Another contributing factor to the surging inflation in Australia has been the shortage of labour and materials in our construction/ home building industry.

The single largest “lever” used by the RBA to try and calm inflation is to raise interest rates. The last rate rise we had prior to this new rate cycle was way back in November 2010 when it moved the official cash rate to 4.75% and since then there has been a long continued decline to just 0.10% (April 2022).

Longer term interest rates are a good indicator of where short/ medium term interest rates are heading and it is worth looking at the current trend in fixed interest rates. These movements are usually a prelude to RBA cash rate decisions as these longer term markets tend to ‘price in’ these future rises now. The primary longer term rate indicators are the 3 and 5 years fixed ‘SWAP’ rates that the majority of the financiers use as their ‘cost of funds’ base to price their money to the SME business markets.

These rates have already increased by over 3% since October 2021 – basically any equipment financing you did in say August 2021 would now cost you at least 3% more now if you were to fund the same deal.

Various Bank Economists forecast further RBA cash rate rises totalling anywhere between 1-2% for the remaining 6 months of 2022 alone!

Now may also be a good time to look at any finance balloon/ residual payments you have falling due over the next 12 months and to look at rolling them over earlier. Many clients mistakenly believe they have to wait until their balloons/residuals are due before they can pay them out or rollover the finance for a further term.
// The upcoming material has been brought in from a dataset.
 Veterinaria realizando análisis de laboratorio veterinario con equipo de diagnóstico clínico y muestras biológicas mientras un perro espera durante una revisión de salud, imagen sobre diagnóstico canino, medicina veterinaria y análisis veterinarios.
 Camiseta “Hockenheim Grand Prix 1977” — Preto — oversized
In reality most funders will consider (using a low doc assessment) rolling over balloons within the last 6 months of the end of the term and some will consider as far out as 12 months.

So, understanding that the RBA will continue to raise the official cash rate whilst these high inflationary numbers remain and that there are many volatile factors contributing to this pressure (i.e.. war, global and local supply issues, pent up consumer demand) then it is a brave person to make the call when these longer term interest rates will ‘plateau.’